Collected data entries

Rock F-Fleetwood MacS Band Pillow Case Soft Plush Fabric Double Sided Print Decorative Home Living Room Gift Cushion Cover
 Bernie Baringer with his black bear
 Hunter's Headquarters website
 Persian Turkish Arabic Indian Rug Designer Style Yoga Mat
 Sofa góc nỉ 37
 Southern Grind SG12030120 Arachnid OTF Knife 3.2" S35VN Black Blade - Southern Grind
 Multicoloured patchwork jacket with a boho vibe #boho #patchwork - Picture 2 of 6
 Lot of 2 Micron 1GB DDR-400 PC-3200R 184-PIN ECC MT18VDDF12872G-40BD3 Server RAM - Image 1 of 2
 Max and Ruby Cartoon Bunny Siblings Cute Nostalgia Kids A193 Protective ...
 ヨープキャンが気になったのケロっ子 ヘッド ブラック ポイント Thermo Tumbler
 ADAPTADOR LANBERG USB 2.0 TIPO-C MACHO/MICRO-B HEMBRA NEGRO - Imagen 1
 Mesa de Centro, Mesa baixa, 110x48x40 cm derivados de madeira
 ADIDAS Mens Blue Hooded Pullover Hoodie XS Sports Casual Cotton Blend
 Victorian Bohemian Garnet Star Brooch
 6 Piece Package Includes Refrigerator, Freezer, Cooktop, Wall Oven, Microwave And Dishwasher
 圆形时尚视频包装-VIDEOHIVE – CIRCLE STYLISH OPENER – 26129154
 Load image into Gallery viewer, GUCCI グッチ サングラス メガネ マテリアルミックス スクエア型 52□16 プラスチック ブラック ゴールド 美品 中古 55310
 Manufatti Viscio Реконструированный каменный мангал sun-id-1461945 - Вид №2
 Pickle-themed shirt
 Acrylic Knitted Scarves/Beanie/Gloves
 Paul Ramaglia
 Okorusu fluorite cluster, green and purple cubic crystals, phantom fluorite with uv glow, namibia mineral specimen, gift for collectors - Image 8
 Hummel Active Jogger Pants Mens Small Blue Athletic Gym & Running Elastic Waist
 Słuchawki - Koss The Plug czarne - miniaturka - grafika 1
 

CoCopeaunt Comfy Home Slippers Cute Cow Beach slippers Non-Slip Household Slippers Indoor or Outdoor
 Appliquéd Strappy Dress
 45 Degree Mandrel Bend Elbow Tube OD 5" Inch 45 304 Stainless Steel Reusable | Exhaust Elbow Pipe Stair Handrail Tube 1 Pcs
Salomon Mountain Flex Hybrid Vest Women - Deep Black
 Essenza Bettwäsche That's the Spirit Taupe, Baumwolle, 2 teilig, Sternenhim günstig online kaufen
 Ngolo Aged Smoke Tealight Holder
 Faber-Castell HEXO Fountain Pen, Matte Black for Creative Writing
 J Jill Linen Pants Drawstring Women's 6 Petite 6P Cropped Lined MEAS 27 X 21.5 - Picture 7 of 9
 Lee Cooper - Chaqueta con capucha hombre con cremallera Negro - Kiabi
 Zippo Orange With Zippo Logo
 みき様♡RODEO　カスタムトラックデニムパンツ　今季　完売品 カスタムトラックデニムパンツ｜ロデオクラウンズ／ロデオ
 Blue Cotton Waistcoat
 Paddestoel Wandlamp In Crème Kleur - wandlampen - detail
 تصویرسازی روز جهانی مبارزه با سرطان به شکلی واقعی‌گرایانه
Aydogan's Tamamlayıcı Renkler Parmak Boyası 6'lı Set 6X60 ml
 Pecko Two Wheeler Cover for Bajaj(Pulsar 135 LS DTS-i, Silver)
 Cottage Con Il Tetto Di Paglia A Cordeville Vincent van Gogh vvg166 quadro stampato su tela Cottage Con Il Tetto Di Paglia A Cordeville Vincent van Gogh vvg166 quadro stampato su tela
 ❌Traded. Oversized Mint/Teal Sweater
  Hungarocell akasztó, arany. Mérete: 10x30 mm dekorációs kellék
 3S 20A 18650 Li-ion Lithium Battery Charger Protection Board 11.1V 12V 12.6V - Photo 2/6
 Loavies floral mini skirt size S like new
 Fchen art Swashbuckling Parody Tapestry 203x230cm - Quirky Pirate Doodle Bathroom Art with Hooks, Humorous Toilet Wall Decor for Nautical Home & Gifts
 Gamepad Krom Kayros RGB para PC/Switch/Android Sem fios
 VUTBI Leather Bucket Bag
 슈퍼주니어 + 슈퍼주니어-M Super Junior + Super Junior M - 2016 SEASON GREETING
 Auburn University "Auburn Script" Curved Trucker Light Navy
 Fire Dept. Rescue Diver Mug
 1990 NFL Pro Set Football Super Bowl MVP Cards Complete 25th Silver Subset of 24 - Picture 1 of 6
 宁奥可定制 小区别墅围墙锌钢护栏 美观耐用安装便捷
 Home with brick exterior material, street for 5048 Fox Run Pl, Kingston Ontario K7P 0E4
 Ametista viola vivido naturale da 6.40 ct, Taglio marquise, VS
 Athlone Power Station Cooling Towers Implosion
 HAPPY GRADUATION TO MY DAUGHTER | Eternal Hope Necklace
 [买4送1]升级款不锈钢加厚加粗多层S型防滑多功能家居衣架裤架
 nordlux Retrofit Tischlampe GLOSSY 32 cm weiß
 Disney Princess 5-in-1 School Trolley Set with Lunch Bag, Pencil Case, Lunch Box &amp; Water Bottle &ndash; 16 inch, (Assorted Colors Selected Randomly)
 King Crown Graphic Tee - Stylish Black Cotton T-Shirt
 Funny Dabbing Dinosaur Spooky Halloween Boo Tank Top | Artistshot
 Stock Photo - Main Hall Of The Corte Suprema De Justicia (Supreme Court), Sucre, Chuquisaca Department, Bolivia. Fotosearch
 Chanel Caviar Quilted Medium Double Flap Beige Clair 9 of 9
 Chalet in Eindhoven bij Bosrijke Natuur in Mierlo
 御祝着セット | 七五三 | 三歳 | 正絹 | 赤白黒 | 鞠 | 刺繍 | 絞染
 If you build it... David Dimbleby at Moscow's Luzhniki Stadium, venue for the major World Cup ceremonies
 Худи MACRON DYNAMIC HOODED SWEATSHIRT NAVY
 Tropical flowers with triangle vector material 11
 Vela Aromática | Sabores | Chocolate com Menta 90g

_WORK INSTRUCTION_
Nothing but the lines from the beginning of the records through the line with "Lot of 2 Micron" should appear, each printed exactly.

_SOLUTION_
Rock F-Fleetwood MacS Band Pillow Case Soft Plush Fabric Double Sided Print Decorative Home Living Room Gift Cushion Cover
 Bernie Baringer with his black bear
 Hunter's Headquarters website
 Persian Turkish Arabic Indian Rug Designer Style Yoga Mat
 Sofa góc nỉ 37
 Southern Grind SG12030120 Arachnid OTF Knife 3.2" S35VN Black Blade - Southern Grind
 Multicoloured patchwork jacket with a boho vibe #boho #patchwork - Picture 2 of 6
 Lot of 2 Micron 1GB DDR-400 PC-3200R 184-PIN ECC MT18VDDF12872G-40BD3 Server RAM - Image 1 of 2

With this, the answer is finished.